Typedefs can simplify declarations, but they don't remove the need to understand declaration syntax. Dan shows why, and adds some comments on style.
Copyright © 1996 by Dan Saks
Last month, I attempted to clarify what I believe are some common misconceptions about the meaning of the const qualifier in C++ and C (see "C++ Theory and Practice: const as a Promise," CUJ, November 1996). This month I have some more thoughts on const, particularly regarding the way it interacts with type names in declarations.
Over the past few months, I've received some feedback about my past articles on C++ declarations (see "The C++ Column That Needs a Name: Understanding C++ Declarations," CUJ, December 1995, through "C++ Theory and Practice: Declarators, Finale," CUJ, October 1996). Most of it was positive, thank you. However, one recent letter suggested that I did my readers a disservice by suggesting that parsing C++ declarations is easier than most people realize. The author recommended that the better way to cope with complex declarations is to compose them from simpler typedefs.

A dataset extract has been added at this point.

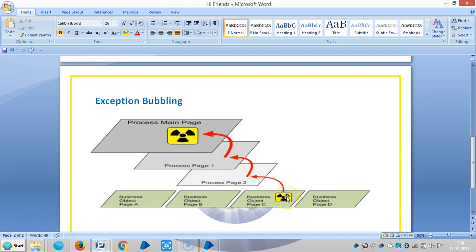The exception will bubble upwards until it is handled. If it is not handled, it will eventually bubble up to the main page of the process and cause it to fail.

I agree that typedefs are a good tool for simplifying declarations, and you should use them. What I want to show this month is that even when you use typedefs, you still can't get away with ignoring the underlying structure of C++ declarations. This is particularly true when you combine typedef names with cv-qualifiers (const and volatile) in declarations.
typedef vs. #define
Beginning C and C++ programmers often confuse the behavior of typedef and #define. In many situations, using a typedef name appears to have the same effect as using a parameterless macro name. For example, you can define a symbolic type such as handle as a macro:
#define handle int // a macro
or as a typedef name:
// a typedef name typedef int handle;
Either way, when you use handle in a declaration such as
handle open(const char *);
it appears that the compiler substitutes int for handle. It's hard to see how the macro differs from the typedef name.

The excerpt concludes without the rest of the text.